Bruxelles – La luce in fondo al tunnel della crisi economica si vede, ma ora tocca ai governi europei intervenire con le riforme strutturali che favoriscano la competitività per troppo tempo rimandate. Tre cose importanti sono successe ieri: Mario Draghi, presidente della Banca centrale europea ha spiegato che l’euro si è “stabilizzato” e ora i governi devono impegnarsi sul rilancio della competitività, l’agenzia di rating Fitch ha tirato fuori la Grecia dal fallimento, e i ministri delle Finanze dei 27, dopo tanto tempo, non discutono di emergenze.
A Parigi, in un convegno, Draghi ha spiegato che “vediamo segnali costanti di stabilizzazione nell’area euro, la situazione nei mercati è chiaramente migliorata in risposta alle misure delle Bce”. Ora però “i paesi devono fare ulteriori progressi nelle riforme, andando alla radice delle perdite significative di competitività” (e in qualche caso anche al costo del lavoro) che “hanno creato deficit correnti sempre più grandi e permanenti delle partite correnti”, cioè gli scambi con l’estero.
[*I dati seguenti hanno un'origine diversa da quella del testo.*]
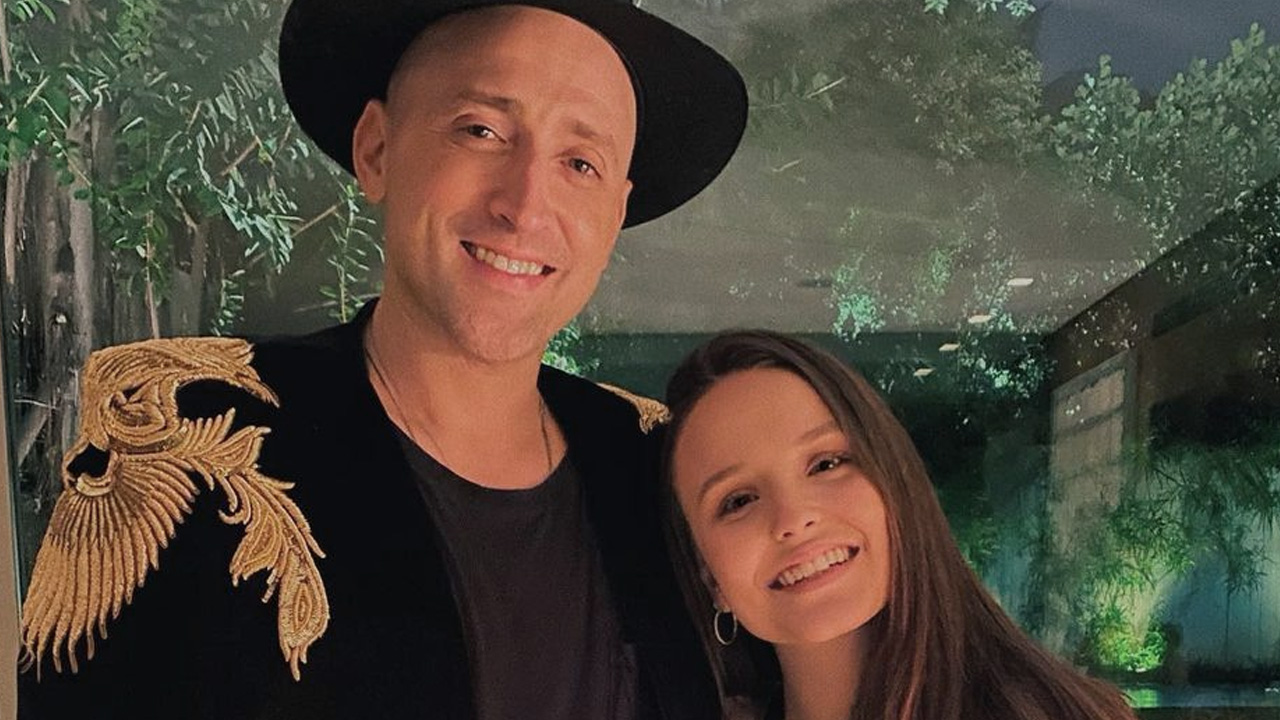 Larissa Manoela amanhece em lágrimas após morte de Paulo Gustavo e desabafa: “Tá muito difícil”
La Bce deve fare un passo indietro, non può più intervenire prestando denaro a bassissimo costo alle banche e vuole concentrarsi sulla difesa dall’inflazione, che per ora dice Draghi non desta preoccupazioni, ma che potrebbe ripartire. La Germania preme su una riduzione dell’impegno finanziario di Francoforte, e Draghi deve cominciare a dare ascolto.
Sul fronte greco è arrivata una positiva novità. L’agenzia di rating Fitch, dopo mesi di bastonate ad Atene, ieri ha cambiato tendenza, ed ha concesso un “upgrade” a B-, dal “parziale fallimento” che aveva assegnato prima. La promozione arriva dopo la positiva chiusura della trattativa con le banche per la ristrutturazione del debito. A Bruxelles nelle stesse ore si faceva sapere che l’Ue verserà la prima parte della nuova tranche dei 130 miliardi di aiuti entro il 20 marzo, in tempo perché la Grecia onori le sue scadenze.
L’Ecofin ieri ha discusso in particolare di Tobin tax, l’imposta sulle transazioni finanziarie internazionali, e si è confermato che la questione non è ancora matura. “Se non raggiungiamo un compromesso entro la presidenza danese (la fine di giugno, ndr), dobbiamo trovare alternative, perché non decidere sarebbe un disastro”’, ha spiegato il ministro delle Finanze tedesco Wolfgang Schaeuble. La Germania penserebbe anche ad andare avanti in un gruppo ridotto di paesi. Il presidente del Consiglio Mario Monti, favorevole alla nuova tassa, ha tentato di mediare spiegando che sarebbe meglio andare avanti a 27, “a meno che questo non paralizzi la proposta”.